JIM LOWE ISN'T AN investing expert, nor is he an educator. What the former salesman does know is how to raise money for a consortium of 12 Minnesota public radio stations, where he serves as development director. So when he heard there was grant money available for investor-education programs three years ago, he says, "I immediately saw the potential." Lowe quickly drafted a proposal for a series of public service announcements warning recent immigrants about fraud and shipped it to the Investor Protection Trust. After five months of back-and-forth discussion, Lowe's plan to use foreign-language radio to reach these new groups was approved with a budget of $210,000 — nearly half of the state's allocation for investor education. How far that money went, though, may seem a little disappointing. Most paid for 40-second radio spots — in Ojibwa, Hmong and Amharic, Spanish and English — with advice that ranged from "get things in writing" to "stay alert." The ads, which were also recorded on CDs and distributed free at local supermarkets, referred listeners to a web site — that doesn't offer any investing resources, only information about the consortium. Lowe argues that the project was a big success. "It's hard to gauge any kind of advertising," he says. "But people have told us they think this is fantastic."


Multiply that effort times 50, and you start to understand the problem with this exercise in good intentions. In Texas the money is being used to promote the state regulator's office, says Texas Securities Commissioner Denise Crawford, "or no one would even know we exist." California spent some of the money to warn members of the military about payday lending. And several states pooled their money to award a $1.6 million grant to develop the public television series MoneyTrack. The first 13 episodes, which aired last year in Buffalo and elsewhere, averaged 450,000 viewers per episode — less than half the audience for reruns of Mama's Family. So does any of this help investors make better choices? "We don't have any data, but I think we're making a difference," says Montana State Auditor John Morrison. His state has used some of its money to sponsor seminars covering, among other things, lottery fraud. It's not saving or investing, Morrison concedes, but "if it's what you want to do with your money, better to play the real lottery than a fake one."

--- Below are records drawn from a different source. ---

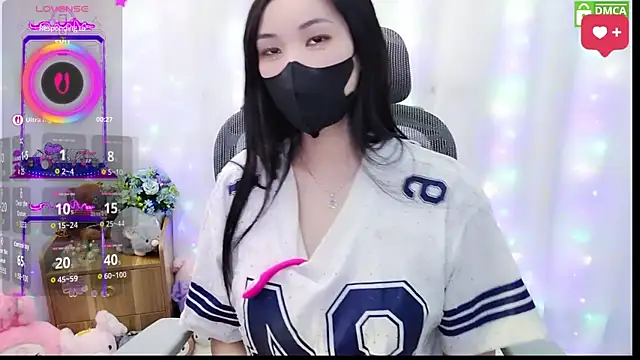 HanaYourlove online show from 05-20-26, 02:36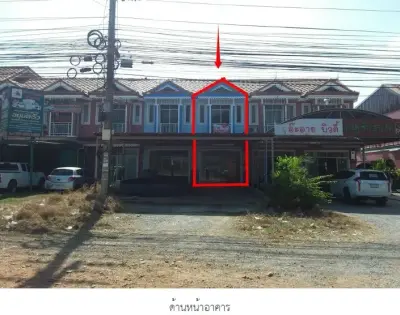 อาคารพาณิชย์ เพลินพฤกษา 5 ปราณบุรี-ประจวบคีรีขันธ์ รูปที่ 2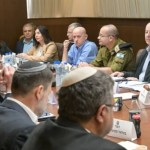 بشكل مفاجئ.. نقل اجتماع الحكومة الإسرائيلية إلى موقع آمن تحت الأرض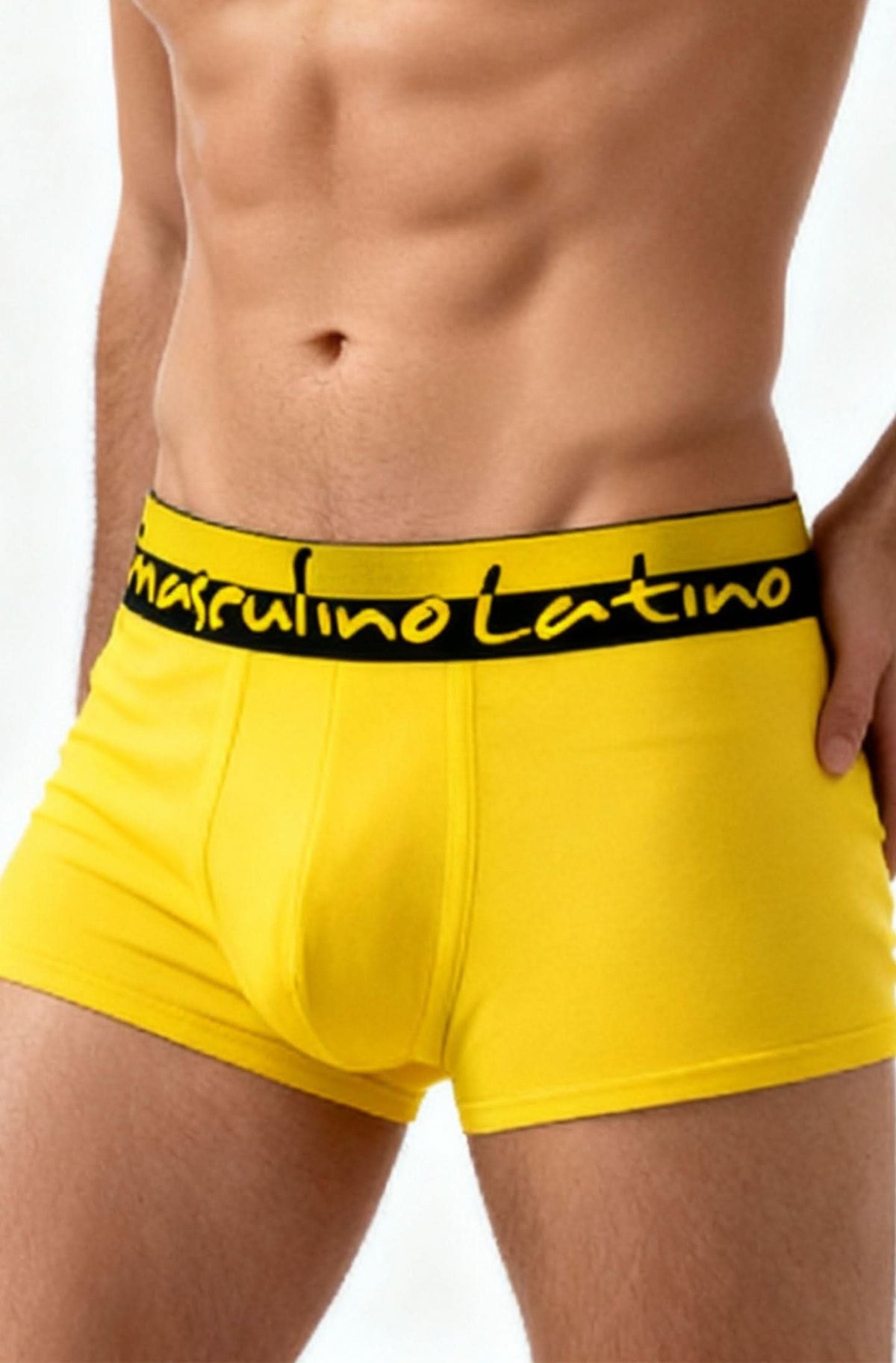 DELIGHT YELLOW - Masculino Latino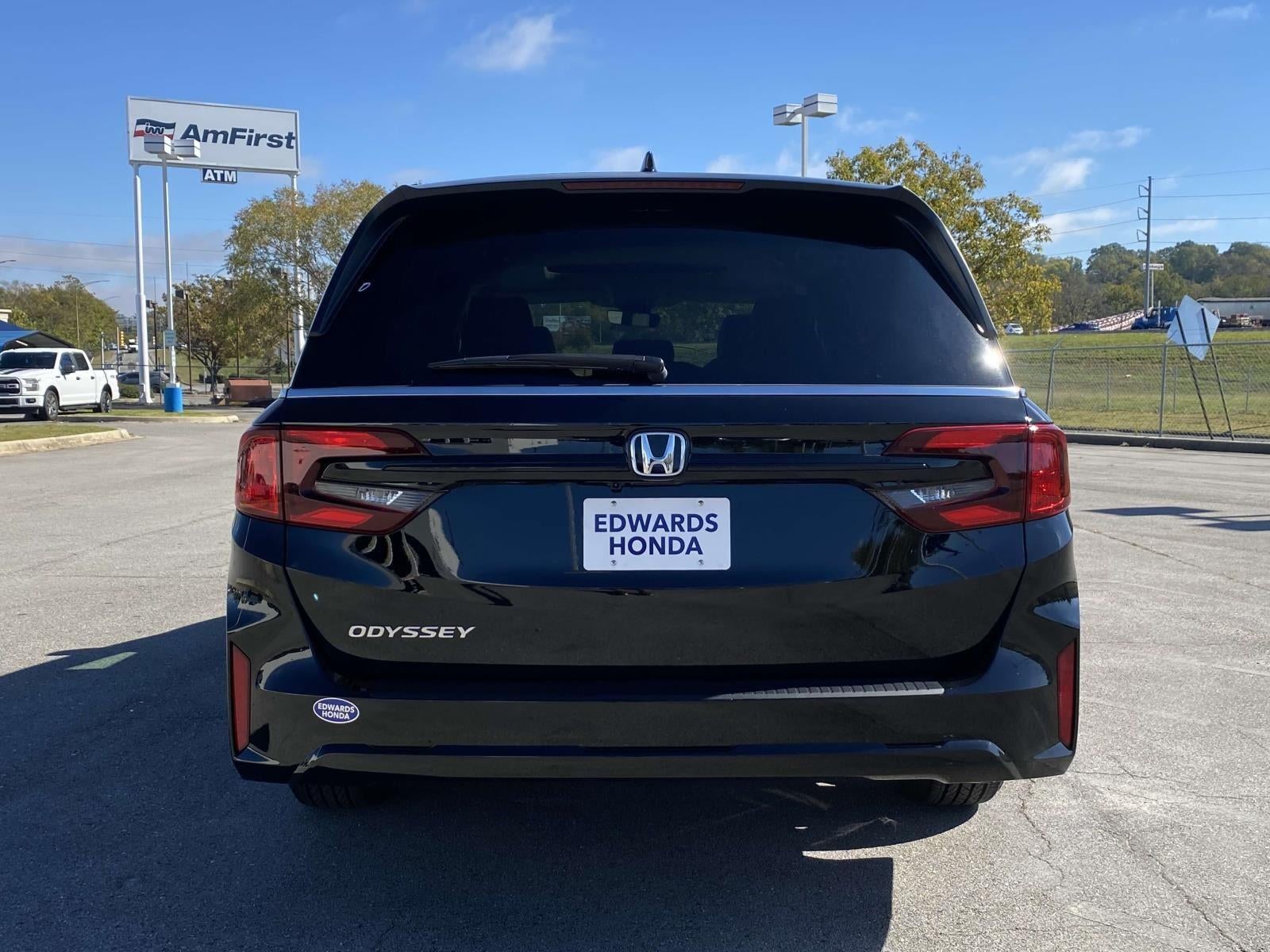 2026 Honda Odyssey EX-L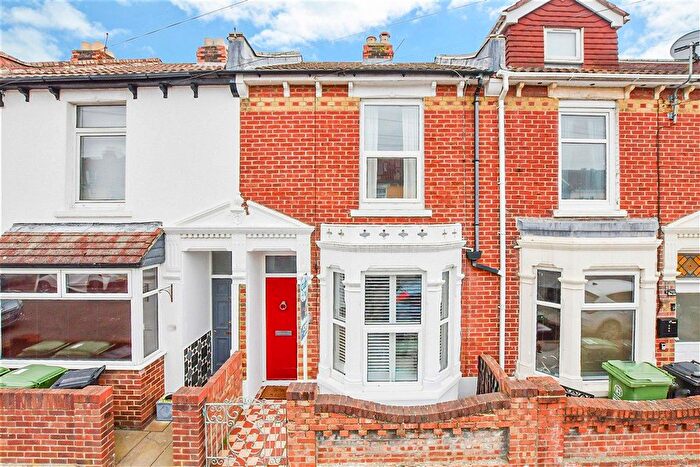 2 Bedroom Terraced House For Sale In Vernon Avenue, Milton, Portsmouth, Hampshire, PO4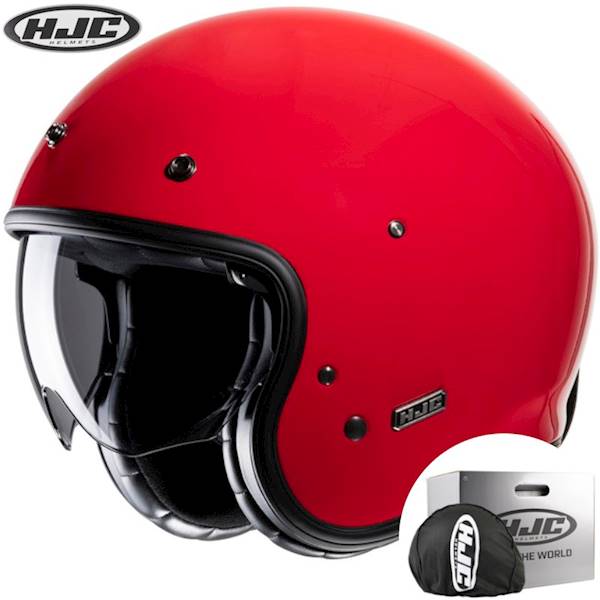 Kask HJC V31 Deep Red L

TO BE SURE, MOST of this was not what the SEC had in mind in 2003, when it reached a $1.4 billion settlement with 10 brokerage houses in which they neither admitted nor denied allegations that they had provided misleading stock research during the dot-com boom. With the money set aside for the national education effort, the agency drafted Ellis, the Wall Street consultant, and George Daly, now dean of the McDonough School of Business at Georgetown, to develop a strategy. For a year, they and a team of experts combed through research on the topic and came to an alarming conclusion: There was no chance that people would sit down for even a short, relatively convenient, relatively entertaining program on the principles of investing. "The smartest people I knew said, 'You will fail,'" says Ellis.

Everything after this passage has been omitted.